### TASK BRIEF
Copy exactly the run of lines that begins at the line with "this 480×360 image." and ends at the final line of the entries.

════════

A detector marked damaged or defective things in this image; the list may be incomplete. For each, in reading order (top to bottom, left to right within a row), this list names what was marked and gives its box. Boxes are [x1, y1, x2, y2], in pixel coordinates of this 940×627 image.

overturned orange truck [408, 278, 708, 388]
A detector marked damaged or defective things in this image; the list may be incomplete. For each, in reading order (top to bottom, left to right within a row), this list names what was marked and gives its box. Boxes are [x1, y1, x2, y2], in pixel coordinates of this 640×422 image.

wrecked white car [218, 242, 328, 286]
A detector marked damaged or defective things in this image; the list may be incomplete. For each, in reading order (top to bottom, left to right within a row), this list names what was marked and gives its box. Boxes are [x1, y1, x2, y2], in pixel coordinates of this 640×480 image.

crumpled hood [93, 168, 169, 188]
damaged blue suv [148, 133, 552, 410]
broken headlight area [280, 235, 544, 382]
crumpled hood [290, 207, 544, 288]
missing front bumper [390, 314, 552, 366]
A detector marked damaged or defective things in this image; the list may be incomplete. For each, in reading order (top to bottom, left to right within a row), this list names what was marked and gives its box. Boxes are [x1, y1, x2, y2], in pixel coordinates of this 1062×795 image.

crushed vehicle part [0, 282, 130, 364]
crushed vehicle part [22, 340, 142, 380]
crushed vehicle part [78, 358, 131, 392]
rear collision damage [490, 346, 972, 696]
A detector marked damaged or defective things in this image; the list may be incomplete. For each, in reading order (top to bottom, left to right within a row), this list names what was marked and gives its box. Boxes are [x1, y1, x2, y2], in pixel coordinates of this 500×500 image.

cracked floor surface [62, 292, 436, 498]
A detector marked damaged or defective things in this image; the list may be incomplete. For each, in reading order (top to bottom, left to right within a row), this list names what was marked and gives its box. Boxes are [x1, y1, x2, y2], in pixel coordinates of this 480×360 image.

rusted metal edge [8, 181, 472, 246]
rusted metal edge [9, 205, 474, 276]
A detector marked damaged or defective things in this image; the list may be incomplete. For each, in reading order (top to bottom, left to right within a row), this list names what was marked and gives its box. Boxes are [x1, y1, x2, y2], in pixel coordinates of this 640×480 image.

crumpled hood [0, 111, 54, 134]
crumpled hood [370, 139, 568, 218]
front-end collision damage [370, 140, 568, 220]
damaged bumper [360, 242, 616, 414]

════════

### RESPONSE TO THIS TASK
A detector marked damaged or defective things in this image; the list may be incomplete. For each, in reading order (top to bottom, left to right within a row), this list names what was marked and gives its box. Boxes are [x1, y1, x2, y2], in pixel coordinates of this 480×360 image.

rusted metal edge [8, 181, 472, 246]
rusted metal edge [9, 205, 474, 276]
A detector marked damaged or defective things in this image; the list may be incomplete. For each, in reading order (top to bottom, left to right within a row), this list names what was marked and gives its box. Boxes are [x1, y1, x2, y2], in pixel coordinates of this 640×480 image.

crumpled hood [0, 111, 54, 134]
crumpled hood [370, 139, 568, 218]
front-end collision damage [370, 140, 568, 220]
damaged bumper [360, 242, 616, 414]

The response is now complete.